Mensagem essa de pacifismo e união, que me parece dúbia (como disse, não estou no meu lugar de fala e comentarei no decorrer da crítica). A narrativa escolhe dividir o núcleo de personagens principais em dois. Antônio e André ficam presos em seu apartamento, já que os guardas não podem invadir. Enquanto Capitu fica em “AfroBunker” (uma referência aos Quilombos de antigamente). Tal dualidade potencializa o íntimo (apartamento) e o macro (os “AfroBunker”), mas não consegue mostrar o potencial de ambos os locais.
Por exemplo, Antônio precisa de insulina e, em determinado momento, o roteiro parece esquecer desse fato. Enquanto nos “AfroBunker” nunca é mostrado seu funcionamento por completo. Por falar do Bunker, inúmeras figuras negras conhecidas fazem participação no longa, como a própria Aldri Anunciação, Emicida, Rincon Sapiência, Flávio Bauraqui. O longa de Lázaro, apesar de ser da Globo Filmes, se comporta como um filme de guerrilha.
Porém, o maior problema mora em seus antagonistas que infelizmente são rasos. O Ministro da Devolução e Isabel (Adriana Esteves), que é a responsável por um dos núcleos de devolução são muito caricatos. Talvez seja o propósito da obra retratar como nossos governantes são, entretanto, Dona Izildinha (Renata Sorrah) faz uma clássica “cidadã de bem” que é perfeitamente crível.

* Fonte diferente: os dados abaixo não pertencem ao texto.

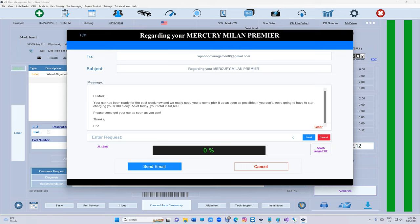If you don't, we're going to have to start charging you a hundred dollars a day. As of today, your total is three thousand six hundred and ninety-nine dollars. Please come get your car as soon as possible. Thanks, Eric.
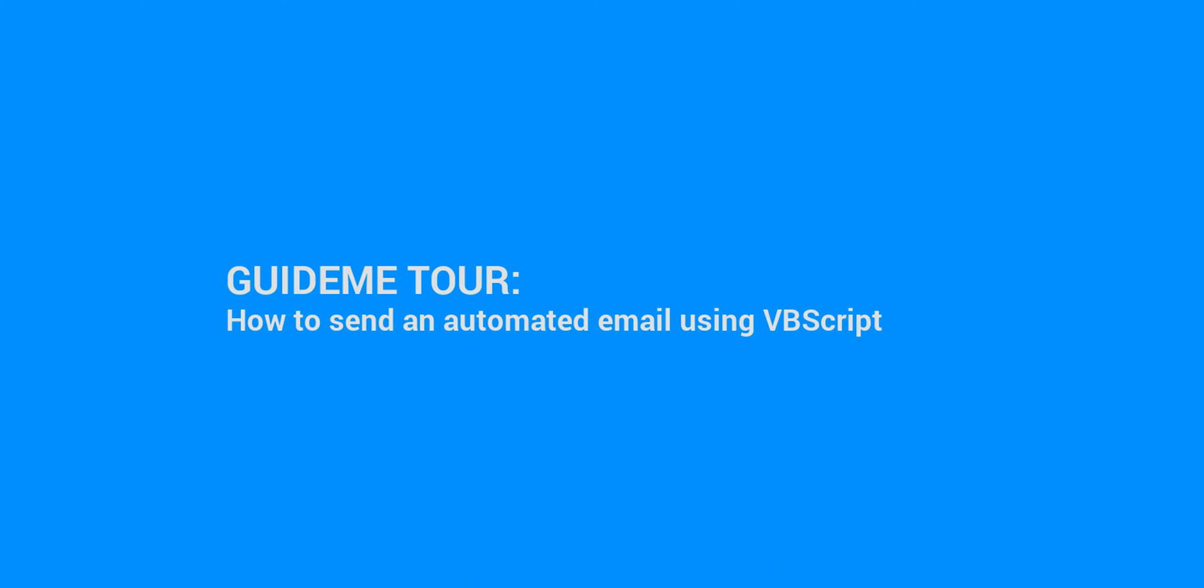Welcome to GuideMe.io. Let's learn how to send an automated email using VBScript.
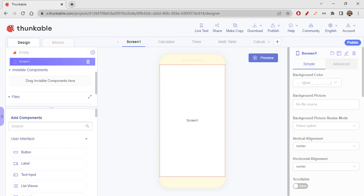This video is about how to create a BMI calculator. This is a very simple app where we'll be just creating a calculator. So BMI calculator, what is BMI? BMI is body mass index. We will calculate body mass index.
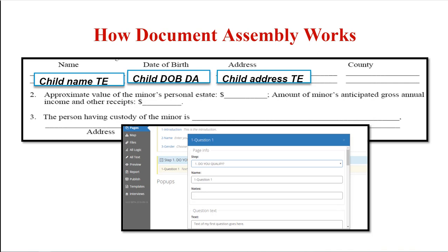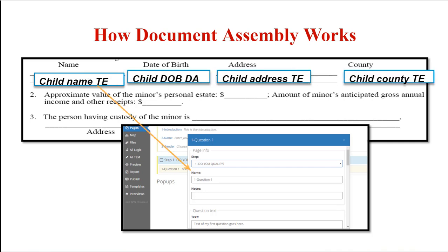With A to J Author as your interview front-end, you can use the A to J Author document assembly tool, also known as the A to J DAT, as the template builder, or you can use HotDocs to build the back-end template.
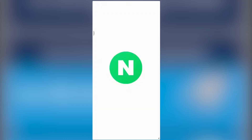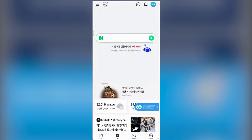To change the language in the Naver app, first install and open the Naver application, then log in to your account. Tap Continue at the bottom of the screen, then select Sign In and agree to the terms and conditions.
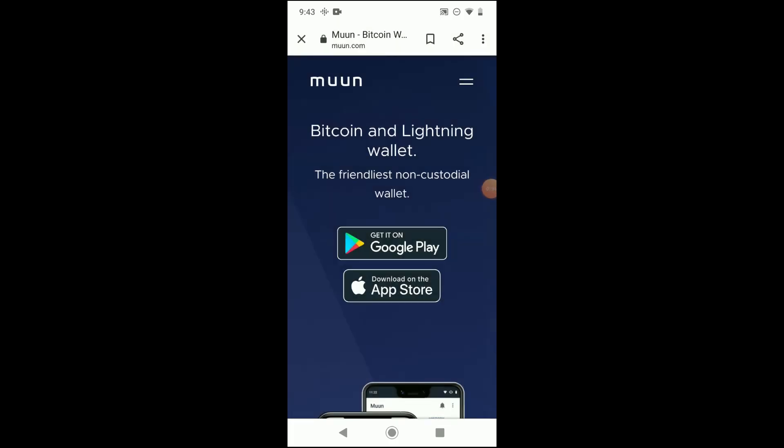I do use the Muun wallet app, I like it, and what I think that I can offer in this video is to kind of walk through some of the processes and some of the usage features in a manner that I could speak plain English.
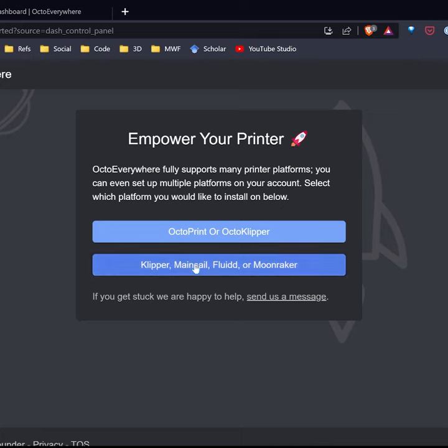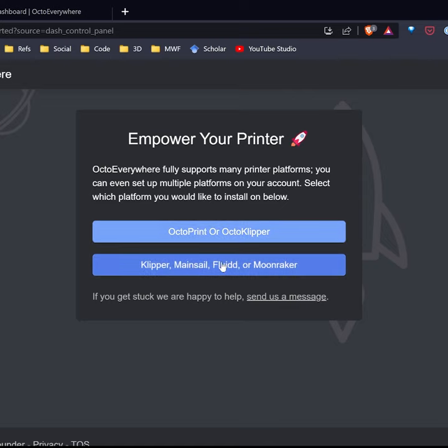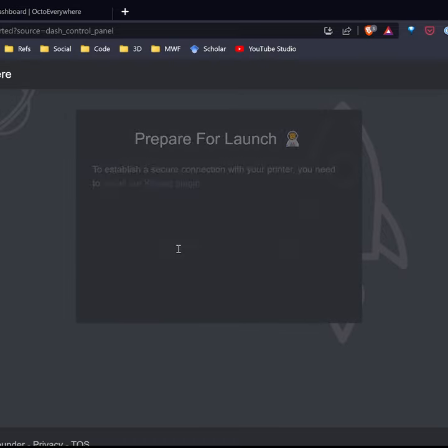So you can go ahead and install Octo Everywhere so it either works on OctoPrint or via Klipper mainsail on Fluid. And if you look,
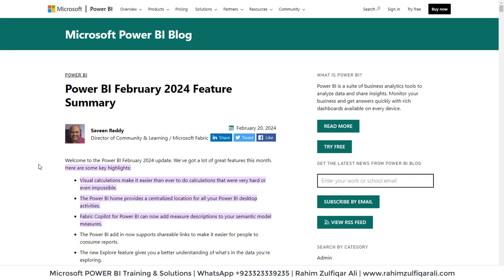Hi, this is Raheem Zulfiqar Ali. In this video tutorial, we will discuss one of the recent and latest features which has been added in Power BI desktop version, and that is visual calculations.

Mas também há pessoas brancas como Sarah (Mariana Xavier), namorada de André, e seu vizinho Kaito (Paulo Chun), que veem toda aquela situação como um completo absurdo. Porém, em determinado momento na história, um vídeo torna Antônio um símbolo de resistência pacífica. Não quero dizer que o longa não fosse todo sobre resistência, é que vemos o caminho e a mensagem do diretor mais evidente: o diálogo pela união e paz.
Na abertura do terceiro ato, um acontecimento espelhado acontece. O longa se torna mais teatral, mas a mensagem é: sem diálogo, somos apenas o espelho uns dos outros. Por mais funcional que seja quando tento pensar nesse segmento do longa, apesar do funcionamento narrativo, parece-me dúbio pois em toda a história do Brasil a relação negro e branco nunca foi espelhada e sim o contrário, que é evidenciado pelo longa na maior parte do tempo.
A conclusão nasce de um grito entalado na garganta por toda a história negra no país. Mas ao invés da catarse, o longa vai de encontro em uma resolução mais positiva, o que contrasta até um pouco com ele como um todo.
Medida Provisória é um filme extremamente pertinente e criativo. Uma distopia aterrorizante e que nos faz refletir muito sobre o racismo estrutural que nosso país convive há séculos. A estreia de Lázaro Ramos na direção é positiva, apesar dos deslizes. E com certeza o longa poderá se tornar um novo clássico do nosso cinema.